Searching whether a tag is within another tag in files?

81
Advanced UserAdvanced User
81

    Sep 05, 2017#1

    I have some files in which there are one or more <aff> tags in it, each <aff> can contain one or more of other tags like <institution type="institution">, <institution type="department">, <city>, <country>, <sup>, etc. According to the rules that needs to be followed in these files is that each group of <institution type="..."> in each <aff> must be inside another tag namely <institution-wrap>. Some files have these tag put and some don't. How do I find that?
    For example, here is a sample text:

    Code: Select all

    <aff id="aff1">
    <institution type="institution">NSF</institution>
    <institution type="department">Dept. of History</institution>
    <city>New York</city>
    <country>USA</country>
    </aff>
    
    <aff id="aff2"><sup>&#x2020;<sup>
    <institution-wrap>
    <institution type="institution">NSF</institution>
    <institution type="department">Dept. of History</institution>
    </institution-wrap>
    <city>New York</city>
    <country>USA</country>
    </aff>
    
    <aff id="aff3">
    <institution-wrap>
    <institution type="division">NASA</institution>
    </institution-wrap>
    <city>New York</city>
    <country>USA</country>
    </aff>
    
    <aff id="aff4">
    <sup>1</sup>
    <institution type="division">Caltech</institution>
    </aff>
    
    The search should find <aff id="aff1"> and <aff id="aff4"> or something similar to it from the above sample file.

    NOTE: Some <aff> might not contain any <institution type="..."> at all, those will be ignored and there could be other tags containing <institution type="..."> but we only want to look inside the <aff> tags.

    18672
    MasterMaster
    18672

      Sep 05, 2017#2

      Hi Don,

      I see a very simple pattern in your sample. No recursion this time :)

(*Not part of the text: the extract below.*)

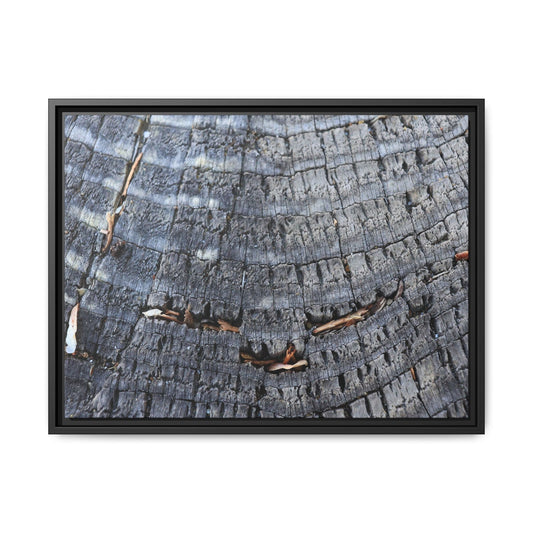 Charred Circles - Unique Poster Wall Art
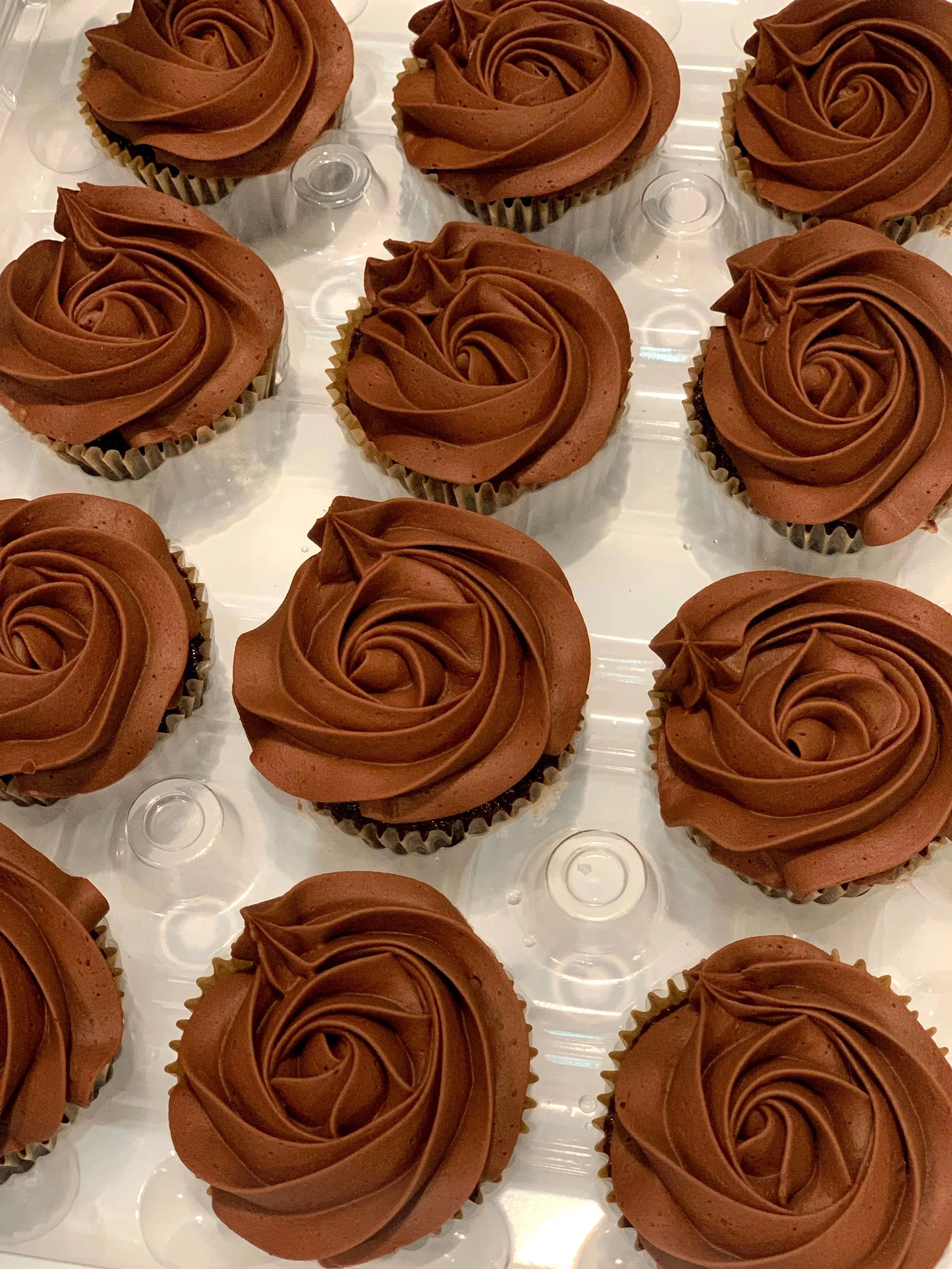 Signature Cupcakes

      (?<!</institution>\r\n)(?<!<institution-wrap>\r\n)<institution type

      BR, Fleggy

      EDIT:
      If your files are as clean as your sample then you can "fix" missing tags with this replace:

      F: (?<!</institution>\r\n)(?<!<institution-wrap>\r\n)((?:<institution type.+</institution>\r\n)+)
      R: <institution-wrap>\r\n\1</institution-wrap>\r\n

      I would suggest to use some "salt" in the replace expression to be able to simply find added tags and check them. Then you can remove the "salt" by another simple replace.

      81
      Advanced UserAdvanced User
      81

        Sep 06, 2017#3

        Hi fleggy, but the pattern does not work. I think you did not understand the problem.
        It simply finds all <institution type="..."> tags even those that are inside <institution-wrap>....</institution-wrap>.
        I only want to find those <institution type="..."> tags that are not inside a <institution-wrap>....</institution-wrap>
        in a <aff>....</aff>.

        18672
        MasterMaster
        18672

          Sep 06, 2017#4

          Hi Don,

          It works in your sample using CR/LF line delimiter. Perhaps there are only \r line delimiters in your real files. I used the fixed length delimiter \r\n because the lookbehind must have fixed length.

          BR, Fleggy

          81
          Advanced UserAdvanced User
          81

            Sep 06, 2017#5

            Hi fleggy,

            It seems that in the new versions of UE your pattern works as desired. However, in older versions 14.10 and 18.20 that I use it does not and I'm not quite sure why. Negative lookbehinds are supported in the version that I'm using but it does not work as expected in this case for some reason.
            Are there any alternative methods to do it? :)

            Thanks.

            18672
            MasterMaster
            18672

              Sep 06, 2017#6

              Hi Don,

              I don't have such an old version. BTW I got an idea - try to change \r\n in lookbehinds to the real line terminator in the Find what: input field. In other words

              use this multi-line pattern
              (?<!</institution>
              )(?<!<institution-wrap>
              )((?:<institution type.+</institution>\r\n)+)

              instead of
              (?<!</institution>\r\n)(?<!<institution-wrap>\r\n)((?:<institution type.+</institution>\r\n)+)

              BR, Fleggy

                Sep 06, 2017#7

                Next variant without CR/LF in lookbehinds:

                F: (?<!</institution>)(?<!<institution-wrap>)((?:\r\n<institution type.+</institution>)+)
                R: \r\n<institution-wrap>\1\r\n</institution-wrap>

                This should work even in UE18. I cannot find a simpler pattern. Only overcomplicated... :/

                BTW I overlooked that some <institution type> tags could not be inside <aff>....</aff>. My pattern doesn't test it. I am afraid that the "complete" pattern would be too complex for UE18.

                6,603548
                Grand MasterGrand Master
                6,603548

                  Sep 07, 2017#8

                  This is a reply to first post by Fleggy and the post before this post:

                  UltraEdit v14.10 and v18.20 do not support lookbehind and lookahead over lines. So the search string

                  (?<!</institution>\r\n)(?<!<institution-wrap>\r\n)<institution type

                  must be modified to

                  (?<!</institution>)(?<!<institution-wrap>)\r\n<institution type

                  Of course then the line ending before <institution is also matched by the search expression, but this can be easily recognized in replace string by adding \r\n at beginning.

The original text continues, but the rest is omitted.